Gepubliceerd op 13-06-2017

Panamerikanisme

betekenis & definitie

Stroming die streeft naar een gemeenschappelijke politiek van de Amerikaanse staten.

Het panamerikanisme kwam in de jaren twintig van de negentiende eeuw op, nadat de Latijns-Amerikaanse landen onafhankelijk waren geworden. Het gemeenschappelijke doel was onafhankelijk te blijven en inmenging van mogendheden van buiten Amerika tegen te gaan. De Verenigde Staten vormden vanaf de jaren zeventig van de negentiende eeuw de motor achter het panamerikanisme. In 1889 werd de eerste echte panamerikaanse conferentie in Washington gehouden. Na diverse mislukte pogingen werd in 1910 de Panamerikaanse Unie opgericht. De samenwerking was in de eerste jaren vooral gericht op het handelsverkeer tussen eenentwintig staten in Zuid-, Midden- en Noord-Amerika. Canada hield zich afzijdig van het panamerikanisme.
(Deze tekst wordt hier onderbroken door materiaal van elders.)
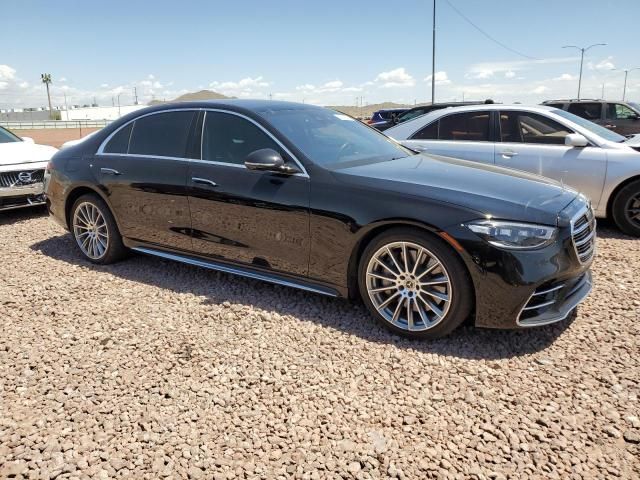 2021 Mercedes-Benz S 580 4matic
De betrekkingen tussen de Latijns-Amerikaanse landen en de Verenigde Staten verslechterden rond de eeuwwisseling. De Verenigde Staten manifesteerden zich toen steeds meer als opvolger van de Europese koloniale mogendheden. De presidenten Herbert Hoover en Franklin D. Roosevelt slaagden erin de onvrede van de Latijns-Amerikaanse landen over de imperialistische politiek van de Verenigde Staten weg te nemen door zich niet langer in de interne aangelegenheden van die landen te mengen. Daardoor richtte het panamerikanisme zich in de jaren dertig in toenemende mate op politieke samenwerking.

In 1948 leidde de toonaangevende rol van de Verenigde Staten in het gebied tot de oprichting van de Organisatie van Amerikaanse Staten (OAS), waardoor in plaats van een ad-hocsysteem een formele organisatie ontstond. Een belangrijk doel van het panamerikanisme was sindsdien het vrijwaren van de landen van het continent Amerika van communistische invloeden.